Of special interest are differences in the incidence of metabolic disorders. Diabetes mellitus, a well-known risk factor for microangiopathy, was reported in 22 (28.6%) patients in the main group and 5 (5.0%) patients in the comparison group (р < 0.0001). Furthermore, significant differences were observed for conditions with laboratory signs of hypercoagulation and thrombosis: n = 22 (26.0%) in the main group vs n = 2 (2.0%) in the comparison group (р < 0.0001).

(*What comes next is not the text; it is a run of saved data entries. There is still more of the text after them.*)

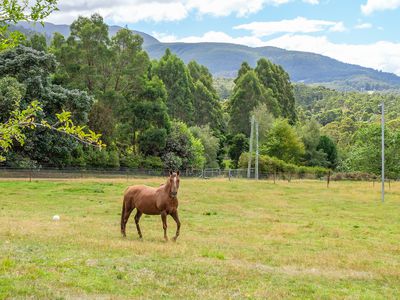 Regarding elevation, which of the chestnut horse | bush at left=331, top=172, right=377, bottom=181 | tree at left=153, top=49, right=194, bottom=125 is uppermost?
tree at left=153, top=49, right=194, bottom=125

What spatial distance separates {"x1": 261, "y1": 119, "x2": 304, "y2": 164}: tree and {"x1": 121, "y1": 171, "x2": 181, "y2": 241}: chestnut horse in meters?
70.8

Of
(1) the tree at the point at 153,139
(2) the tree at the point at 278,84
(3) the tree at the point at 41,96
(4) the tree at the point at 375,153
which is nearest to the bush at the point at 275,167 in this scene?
(4) the tree at the point at 375,153

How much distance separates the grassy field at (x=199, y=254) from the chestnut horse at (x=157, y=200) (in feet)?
3.10

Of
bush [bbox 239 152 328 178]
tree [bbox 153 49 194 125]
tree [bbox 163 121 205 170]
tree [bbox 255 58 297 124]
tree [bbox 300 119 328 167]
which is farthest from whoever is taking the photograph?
tree [bbox 255 58 297 124]

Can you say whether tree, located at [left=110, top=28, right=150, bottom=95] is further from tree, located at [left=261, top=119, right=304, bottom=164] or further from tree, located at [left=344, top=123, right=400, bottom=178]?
tree, located at [left=344, top=123, right=400, bottom=178]

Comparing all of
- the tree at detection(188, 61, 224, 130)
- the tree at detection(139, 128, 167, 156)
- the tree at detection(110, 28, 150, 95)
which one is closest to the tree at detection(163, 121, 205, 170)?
the tree at detection(139, 128, 167, 156)

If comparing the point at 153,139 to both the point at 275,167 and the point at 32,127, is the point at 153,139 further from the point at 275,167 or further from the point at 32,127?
the point at 32,127

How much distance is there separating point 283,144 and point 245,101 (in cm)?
1556

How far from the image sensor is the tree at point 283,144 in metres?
87.6

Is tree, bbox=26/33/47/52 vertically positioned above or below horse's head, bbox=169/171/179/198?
above

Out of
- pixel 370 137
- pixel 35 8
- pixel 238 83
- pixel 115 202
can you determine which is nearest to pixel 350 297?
pixel 35 8

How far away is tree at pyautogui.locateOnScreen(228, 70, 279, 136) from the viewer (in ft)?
325

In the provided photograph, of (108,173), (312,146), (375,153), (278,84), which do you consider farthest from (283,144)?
(108,173)

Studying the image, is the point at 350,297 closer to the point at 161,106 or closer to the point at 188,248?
the point at 188,248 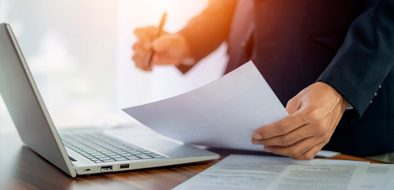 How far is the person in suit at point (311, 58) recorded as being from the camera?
2.19ft

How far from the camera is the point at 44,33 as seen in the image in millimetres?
1561

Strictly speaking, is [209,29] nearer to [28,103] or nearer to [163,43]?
[163,43]

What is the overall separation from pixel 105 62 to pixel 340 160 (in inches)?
48.6

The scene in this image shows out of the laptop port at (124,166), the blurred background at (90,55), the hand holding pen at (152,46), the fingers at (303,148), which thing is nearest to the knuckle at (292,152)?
the fingers at (303,148)

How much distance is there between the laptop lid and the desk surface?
17mm

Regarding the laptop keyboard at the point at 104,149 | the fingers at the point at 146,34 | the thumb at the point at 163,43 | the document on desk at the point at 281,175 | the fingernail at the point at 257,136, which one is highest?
the fingers at the point at 146,34

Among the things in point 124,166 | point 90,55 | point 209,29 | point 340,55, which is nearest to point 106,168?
point 124,166

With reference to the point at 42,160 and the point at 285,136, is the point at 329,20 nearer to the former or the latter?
the point at 285,136

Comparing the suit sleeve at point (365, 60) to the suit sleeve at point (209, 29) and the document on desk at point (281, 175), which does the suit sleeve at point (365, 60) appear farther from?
the suit sleeve at point (209, 29)

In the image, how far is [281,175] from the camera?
61cm

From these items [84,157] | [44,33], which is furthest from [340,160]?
[44,33]

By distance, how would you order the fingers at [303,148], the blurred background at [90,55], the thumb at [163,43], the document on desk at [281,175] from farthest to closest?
the blurred background at [90,55] → the thumb at [163,43] → the fingers at [303,148] → the document on desk at [281,175]

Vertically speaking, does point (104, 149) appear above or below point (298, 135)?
above

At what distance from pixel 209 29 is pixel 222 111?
501 millimetres
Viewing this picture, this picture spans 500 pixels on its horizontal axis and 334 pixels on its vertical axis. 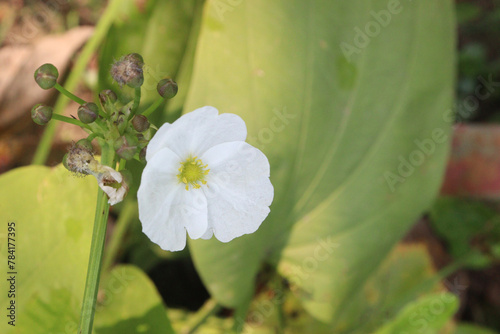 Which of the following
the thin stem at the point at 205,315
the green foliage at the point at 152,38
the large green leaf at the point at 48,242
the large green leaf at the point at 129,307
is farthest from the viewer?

SC vascular disorders are particularly interesting as a cause of venous myeloischemia. Spinal AVMs, including dural arteriovenous fistulas (dAVFs), were reported as a diagnostic clue in 16 (20.8%) patients in the main group and 3 (3.0%) patients in the comparison group (p = 0.0002).
An analysis of vertebrogenic factors showed that the incidence of disc herniation and other degenerative changes in the spine was comparable in the two groups: n = 41 (53.2%) in the main group vs n = 44 (44.0%) in the comparison group; χ2df = 1 = 1.49, p = 0.22. A history of uncomplicated spinal injury was more common in the main group (n = 10 [13.0%] vs n = 5 [5.0%] in the comparison group); however, the differences were not significant (p = 0.10).
There were no significant intergroup differences in immunological and infectious factors. The incidence of autoimmune diseases (autoimmune thyroiditis, systemic lupus erythematosus, ankylosing spondylitis) was 14.3% (n = 11, with 10 autoimmune thyroiditis cases) in the main group and 21.0% (n = 21) in the comparison group (p = 0.25). In 5 (6.5%) patients in the main group, myelopathy was preceded by novel coronavirus infection (COVID19); in the comparison group, there were 9 (9.0%) patients with COVID19 (p = 0.54). Comparable findings were obtained for chronic infections (chronic hepatitis B and С virus, HIV infection, syphilis): n = 4 (5.2%) in the main group vs n = 7 (7.0%) in the comparison group (p = 0.62).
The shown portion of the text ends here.